Something else that I enjoyed about the relationship between Veronica and Desi is the bridging of this generational gap. I feel like these days, we're seeing a lot of a generational divide between older folks and younger folks where there’s this “us versus them” mentality, and this story really breaks those barriers down. Charlotte, I was curious if that was conscientious to you and Kitty all when you were working on the script?
Charlotte Colbert: Yeah, I totally agree. I mean there's something so sad about that divide in a way and how things aren't pushed more. Actually, this really sweet girl met the other day, a 14-year-old, has a project where she goes to these amazing retirement homes and collects stories from these people, and then stages them. I thought it was such a genius thing. It should be nationwide as an educational program. It would be so wonderful. But in terms of the relationship between the characters, yeah, I think I guess in my mind, Kota's character, Desi was always another route forward as well that was perhaps non-binary and less as Alice said, outreaching. I guess she's a hopeful, heartbeat, a vertebra of the film in some ways. And I think the idea of the daughterless mother and the motherless daughter connecting was important to us.
I'm somebody who's a really big believer that whenever you do anything creative, whether you're directing, writing, acting, whatever the case may be, I believe that you obviously put a piece of yourself into the project that you're working on. But I also feel like you take a piece of it away with you as well. What has been your biggest takeaway from your experiences working on She Will?
Charlotte Colbert: It's really interesting, I was reading the other day that stories come from stories being inquiries. And I think that for me, the process of doing anything creative is an inquiry into something that either overwhelms me that I don't understand, or through the process of grappling with some form of meaning, or understanding, or resolving some stuff. In that sense, yeah, I feel both things happen. You expand something and are also able to move on in some ways. But apart from that, I also developed amazing friendships with Alice and all the people involved in front and behind the camera, who share that way of seeing the world in some ways, which is questioning reality and probing the limits of where you exist and the limits of truth. I'm very blessed with that.
Alice Krige: For me, the great, great joy of this work is the exchange that happens on the floor and around it, in the making of all the telling because you go on a journey.

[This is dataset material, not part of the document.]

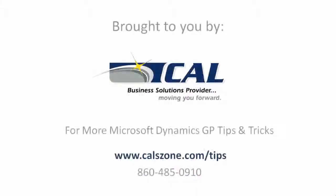For more great Microsoft Dynamics GP tips, visit www.calzone.com/tips and sign up for our newsletter.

And it's all about the exchange and what is given to you and what you are perhaps able to give back. And sometimes, it is quite magical and it happens spontaneously, and it starts to feel like dreaming, where you go to work in the morning and you enter a dream space. It's very rare for that to happen, a true dream space. And this was one of those occasions. I take that away with me as a hugely precious experience. And of course, as Charlotte says, the friendships. The strange thing is that you all then go on to other work and you might not meet again for years. But when you do, you enter that space again as if it had never gone away.